Sorting Arrays¶
Method sort¶
1. In-Place Sorting¶
The .sort() method sorts the array in place (modifies original).
import numpy as np
def main():
a = np.array([3, 1, 4, 1, 5, 9, 2, 6])
print(f"Before: {a}")
a.sort() # modifies a in place
print(f"After: {a}")
if __name__ == "__main__":
main()
Output:
Before: [3 1 4 1 5 9 2 6]
After: [1 1 2 3 4 5 6 9]
2. With axis Parameter¶
import numpy as np
def main():
a = np.array([[3, 1, 4],
[1, 5, 9]])
print("Original:")
print(a)
print()
# Sort along last axis (default)
b = a.copy()
b.sort() # same as b.sort(axis=-1)
print("sort() (along rows):")
print(b)
print()
# Sort along axis=0
c = a.copy()
c.sort(axis=0)
print("sort(axis=0) (along columns):")
print(c)
if __name__ == "__main__":
main()
3. Plotting Use Case¶
import numpy as np
import matplotlib.pyplot as plt
def main():
x = np.random.uniform(-1, 1, size=(100,))
x.sort() # in-place sort
y = x**2
fig, ax = plt.subplots()
ax.plot(x, y)
ax.set_title('Parabola (sorted x)')
plt.show()
if __name__ == "__main__":
main()
np.sort¶
1. Returns Sorted Copy¶
np.sort returns a new sorted array (original unchanged).
import numpy as np
def main():
a = np.array([3, 1, 4, 1, 5, 9, 2, 6])
b = np.sort(a) # returns new array
print(f"Original a: {a}")
print(f"Sorted b: {b}")
if __name__ == "__main__":
main()
Output:
Original a: [3 1 4 1 5 9 2 6]
Sorted b: [1 1 2 3 4 5 6 9]
2. With axis Parameter¶
import numpy as np
def main():
a = np.array([[3, 1, 4],
[1, 5, 9]])
print("Original:")
print(a)
print()
print("np.sort(a, axis=0):")
print(np.sort(a, axis=0))
print()
print("np.sort(a, axis=1):")
print(np.sort(a, axis=1))
print()
print("np.sort(a, axis=None) (flattened):")

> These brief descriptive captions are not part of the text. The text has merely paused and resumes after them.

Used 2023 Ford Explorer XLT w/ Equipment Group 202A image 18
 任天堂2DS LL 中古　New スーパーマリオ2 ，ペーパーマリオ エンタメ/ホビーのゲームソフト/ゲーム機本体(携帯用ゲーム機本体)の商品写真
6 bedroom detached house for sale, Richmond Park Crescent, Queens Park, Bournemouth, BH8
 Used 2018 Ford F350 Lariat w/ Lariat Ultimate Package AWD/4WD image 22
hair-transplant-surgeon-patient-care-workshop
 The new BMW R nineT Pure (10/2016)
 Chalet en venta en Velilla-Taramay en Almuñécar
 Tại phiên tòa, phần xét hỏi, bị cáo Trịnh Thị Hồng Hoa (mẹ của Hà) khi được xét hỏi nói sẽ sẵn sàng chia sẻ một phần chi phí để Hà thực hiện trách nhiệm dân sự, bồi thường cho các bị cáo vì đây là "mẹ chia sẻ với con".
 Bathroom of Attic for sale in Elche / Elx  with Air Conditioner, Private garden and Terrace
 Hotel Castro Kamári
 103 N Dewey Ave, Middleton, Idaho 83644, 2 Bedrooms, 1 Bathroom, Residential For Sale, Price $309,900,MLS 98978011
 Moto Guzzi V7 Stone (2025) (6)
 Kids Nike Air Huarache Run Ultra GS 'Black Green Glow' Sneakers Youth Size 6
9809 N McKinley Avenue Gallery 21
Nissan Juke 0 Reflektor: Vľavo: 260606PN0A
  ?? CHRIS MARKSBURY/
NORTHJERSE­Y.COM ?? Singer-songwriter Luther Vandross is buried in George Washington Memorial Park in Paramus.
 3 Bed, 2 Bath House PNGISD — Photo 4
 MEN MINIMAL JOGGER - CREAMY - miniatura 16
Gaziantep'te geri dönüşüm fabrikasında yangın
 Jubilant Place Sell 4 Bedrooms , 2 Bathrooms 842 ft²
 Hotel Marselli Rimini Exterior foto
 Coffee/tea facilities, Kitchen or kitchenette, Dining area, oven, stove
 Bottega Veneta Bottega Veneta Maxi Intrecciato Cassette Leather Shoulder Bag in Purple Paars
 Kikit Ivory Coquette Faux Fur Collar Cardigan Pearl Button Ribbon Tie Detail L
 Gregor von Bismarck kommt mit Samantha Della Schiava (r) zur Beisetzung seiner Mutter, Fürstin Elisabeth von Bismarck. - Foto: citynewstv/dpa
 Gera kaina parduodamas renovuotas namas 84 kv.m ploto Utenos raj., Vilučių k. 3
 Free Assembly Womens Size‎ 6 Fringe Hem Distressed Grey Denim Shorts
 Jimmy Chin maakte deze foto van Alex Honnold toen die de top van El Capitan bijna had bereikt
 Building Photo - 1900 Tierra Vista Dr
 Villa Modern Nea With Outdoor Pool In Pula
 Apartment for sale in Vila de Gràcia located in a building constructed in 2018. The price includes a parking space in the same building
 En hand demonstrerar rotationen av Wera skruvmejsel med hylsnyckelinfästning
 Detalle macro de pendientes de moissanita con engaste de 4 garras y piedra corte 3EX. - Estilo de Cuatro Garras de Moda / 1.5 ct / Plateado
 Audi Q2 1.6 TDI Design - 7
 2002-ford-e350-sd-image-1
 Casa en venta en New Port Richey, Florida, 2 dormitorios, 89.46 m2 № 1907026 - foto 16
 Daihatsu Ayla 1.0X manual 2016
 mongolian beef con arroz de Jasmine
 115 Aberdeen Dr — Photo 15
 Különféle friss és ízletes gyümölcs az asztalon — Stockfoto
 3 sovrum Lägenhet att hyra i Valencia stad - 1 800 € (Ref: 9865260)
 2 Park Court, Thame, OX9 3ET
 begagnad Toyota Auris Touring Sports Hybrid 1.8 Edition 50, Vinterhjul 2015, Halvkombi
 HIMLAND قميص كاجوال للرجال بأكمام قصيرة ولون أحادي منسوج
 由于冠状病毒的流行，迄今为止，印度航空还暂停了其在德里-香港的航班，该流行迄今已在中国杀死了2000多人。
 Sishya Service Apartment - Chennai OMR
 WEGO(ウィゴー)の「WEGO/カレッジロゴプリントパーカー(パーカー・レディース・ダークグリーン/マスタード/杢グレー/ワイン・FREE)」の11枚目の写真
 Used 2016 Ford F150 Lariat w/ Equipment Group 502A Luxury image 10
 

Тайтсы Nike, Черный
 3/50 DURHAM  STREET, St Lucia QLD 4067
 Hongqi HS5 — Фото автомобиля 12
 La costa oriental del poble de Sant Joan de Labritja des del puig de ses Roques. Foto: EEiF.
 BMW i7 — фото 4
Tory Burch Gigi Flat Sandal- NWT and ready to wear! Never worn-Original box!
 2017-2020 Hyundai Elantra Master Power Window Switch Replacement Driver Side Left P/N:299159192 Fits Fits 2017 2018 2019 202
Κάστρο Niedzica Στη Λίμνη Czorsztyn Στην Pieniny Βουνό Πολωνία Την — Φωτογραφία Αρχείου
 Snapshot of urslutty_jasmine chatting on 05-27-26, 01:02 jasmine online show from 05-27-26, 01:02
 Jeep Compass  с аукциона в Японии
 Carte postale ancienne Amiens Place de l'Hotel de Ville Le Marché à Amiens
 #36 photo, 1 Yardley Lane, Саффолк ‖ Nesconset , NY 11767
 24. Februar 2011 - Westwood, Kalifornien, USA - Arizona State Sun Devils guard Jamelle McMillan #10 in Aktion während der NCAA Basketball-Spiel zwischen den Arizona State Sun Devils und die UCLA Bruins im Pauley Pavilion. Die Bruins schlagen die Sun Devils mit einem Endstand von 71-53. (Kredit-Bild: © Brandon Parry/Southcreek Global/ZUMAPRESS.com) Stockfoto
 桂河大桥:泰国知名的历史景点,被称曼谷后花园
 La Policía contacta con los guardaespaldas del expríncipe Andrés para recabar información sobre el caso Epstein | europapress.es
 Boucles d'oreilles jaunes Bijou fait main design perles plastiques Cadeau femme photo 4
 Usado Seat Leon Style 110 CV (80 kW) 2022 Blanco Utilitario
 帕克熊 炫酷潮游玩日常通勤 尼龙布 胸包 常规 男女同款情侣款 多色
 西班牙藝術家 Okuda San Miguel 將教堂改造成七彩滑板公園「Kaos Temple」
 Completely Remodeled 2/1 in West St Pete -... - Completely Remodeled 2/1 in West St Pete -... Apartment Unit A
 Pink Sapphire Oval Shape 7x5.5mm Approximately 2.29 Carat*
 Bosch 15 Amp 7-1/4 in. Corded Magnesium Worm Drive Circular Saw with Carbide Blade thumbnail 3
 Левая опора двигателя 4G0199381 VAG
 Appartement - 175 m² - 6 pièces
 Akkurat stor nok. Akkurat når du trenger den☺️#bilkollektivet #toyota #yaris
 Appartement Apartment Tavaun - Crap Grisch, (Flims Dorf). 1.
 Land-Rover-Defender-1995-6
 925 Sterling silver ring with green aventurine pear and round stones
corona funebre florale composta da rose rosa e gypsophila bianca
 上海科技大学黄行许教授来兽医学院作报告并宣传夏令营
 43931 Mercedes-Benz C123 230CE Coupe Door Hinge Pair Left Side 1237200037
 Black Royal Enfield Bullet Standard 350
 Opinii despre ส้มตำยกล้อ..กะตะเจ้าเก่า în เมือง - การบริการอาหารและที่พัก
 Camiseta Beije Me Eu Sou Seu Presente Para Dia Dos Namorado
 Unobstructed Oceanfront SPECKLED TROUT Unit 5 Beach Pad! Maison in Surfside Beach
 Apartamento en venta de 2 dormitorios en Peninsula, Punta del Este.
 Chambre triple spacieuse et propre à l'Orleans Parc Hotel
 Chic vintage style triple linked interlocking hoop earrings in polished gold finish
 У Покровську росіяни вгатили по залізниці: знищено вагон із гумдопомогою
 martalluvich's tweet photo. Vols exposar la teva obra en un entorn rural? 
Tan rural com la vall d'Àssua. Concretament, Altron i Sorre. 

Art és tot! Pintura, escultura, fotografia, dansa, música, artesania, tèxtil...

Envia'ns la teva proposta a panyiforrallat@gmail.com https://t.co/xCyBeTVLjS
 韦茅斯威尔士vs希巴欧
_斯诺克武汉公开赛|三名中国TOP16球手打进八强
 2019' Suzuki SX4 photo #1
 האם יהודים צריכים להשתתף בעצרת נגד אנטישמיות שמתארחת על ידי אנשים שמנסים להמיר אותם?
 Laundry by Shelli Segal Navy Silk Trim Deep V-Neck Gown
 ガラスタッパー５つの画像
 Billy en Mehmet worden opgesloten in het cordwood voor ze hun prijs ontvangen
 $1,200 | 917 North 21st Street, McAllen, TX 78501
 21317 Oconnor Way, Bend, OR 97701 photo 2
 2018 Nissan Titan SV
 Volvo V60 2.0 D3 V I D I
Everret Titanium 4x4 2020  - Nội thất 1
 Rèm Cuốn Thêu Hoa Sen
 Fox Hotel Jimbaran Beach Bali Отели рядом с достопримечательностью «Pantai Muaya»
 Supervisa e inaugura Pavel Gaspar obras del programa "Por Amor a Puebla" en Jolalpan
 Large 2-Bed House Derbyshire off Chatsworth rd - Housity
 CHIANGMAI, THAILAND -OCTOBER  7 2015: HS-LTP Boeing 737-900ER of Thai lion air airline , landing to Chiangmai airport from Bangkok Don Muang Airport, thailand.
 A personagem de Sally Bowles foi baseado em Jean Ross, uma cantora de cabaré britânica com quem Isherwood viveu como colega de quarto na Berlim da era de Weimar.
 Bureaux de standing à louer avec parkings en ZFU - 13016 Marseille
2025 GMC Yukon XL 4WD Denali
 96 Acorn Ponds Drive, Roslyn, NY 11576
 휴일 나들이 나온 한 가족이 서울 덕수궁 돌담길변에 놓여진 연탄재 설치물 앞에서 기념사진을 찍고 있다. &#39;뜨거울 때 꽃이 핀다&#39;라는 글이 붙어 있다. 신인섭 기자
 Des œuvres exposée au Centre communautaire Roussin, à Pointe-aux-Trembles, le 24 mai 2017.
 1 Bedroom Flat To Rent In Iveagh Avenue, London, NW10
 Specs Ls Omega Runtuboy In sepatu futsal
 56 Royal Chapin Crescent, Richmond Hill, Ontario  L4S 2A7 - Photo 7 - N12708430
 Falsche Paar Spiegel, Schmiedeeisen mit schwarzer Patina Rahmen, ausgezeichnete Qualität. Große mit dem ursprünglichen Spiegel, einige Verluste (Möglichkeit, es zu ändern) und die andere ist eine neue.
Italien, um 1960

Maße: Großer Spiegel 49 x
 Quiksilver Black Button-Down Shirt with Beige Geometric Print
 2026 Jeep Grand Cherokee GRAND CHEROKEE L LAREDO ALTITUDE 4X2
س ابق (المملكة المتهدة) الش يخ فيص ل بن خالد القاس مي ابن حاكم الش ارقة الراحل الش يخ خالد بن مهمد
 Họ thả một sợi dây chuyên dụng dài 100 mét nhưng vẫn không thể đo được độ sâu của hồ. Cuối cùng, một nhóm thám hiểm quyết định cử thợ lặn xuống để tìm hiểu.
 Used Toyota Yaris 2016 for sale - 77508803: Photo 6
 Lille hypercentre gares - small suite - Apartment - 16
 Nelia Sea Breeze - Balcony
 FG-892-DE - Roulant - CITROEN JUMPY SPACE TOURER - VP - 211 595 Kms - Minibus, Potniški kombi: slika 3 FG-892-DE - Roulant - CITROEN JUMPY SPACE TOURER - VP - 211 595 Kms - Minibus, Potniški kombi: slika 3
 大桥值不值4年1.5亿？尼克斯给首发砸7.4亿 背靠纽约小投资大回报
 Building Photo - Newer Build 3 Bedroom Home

print(np.sort(a, axis=None))
if __name__ == "__main__":
main()
3. Plotting Use Case¶
import numpy as np
import matplotlib.pyplot as plt
def main():
x = np.random.uniform(-1, 1, size=(100,))
x = np.sort(x) # returns sorted copy
y = x**2
fig, ax = plt.subplots()
ax.plot(x, y)
ax.set_title('Parabola (sorted x)')
plt.show()
if __name__ == "__main__":
main()
np.argsort¶
1. Returns Indices¶
np.argsort returns the indices that would sort the array.
import numpy as np
def main():
a = np.array([30, 10, 40, 20])
indices = np.argsort(a)
print(f"Original: {a}")
print(f"Indices: {indices}")
print(f"Sorted: {a[indices]}")
if __name__ == "__main__":
main()
Output:
Original: [30 10 40 20]
Indices: [1 3 0 2]
Sorted: [10 20 30 40]
2. Sort Related Arrays¶
Sort one array and apply same ordering to another.
import numpy as np
def main():
names = np.array(['Alice', 'Bob', 'Carol', 'David'])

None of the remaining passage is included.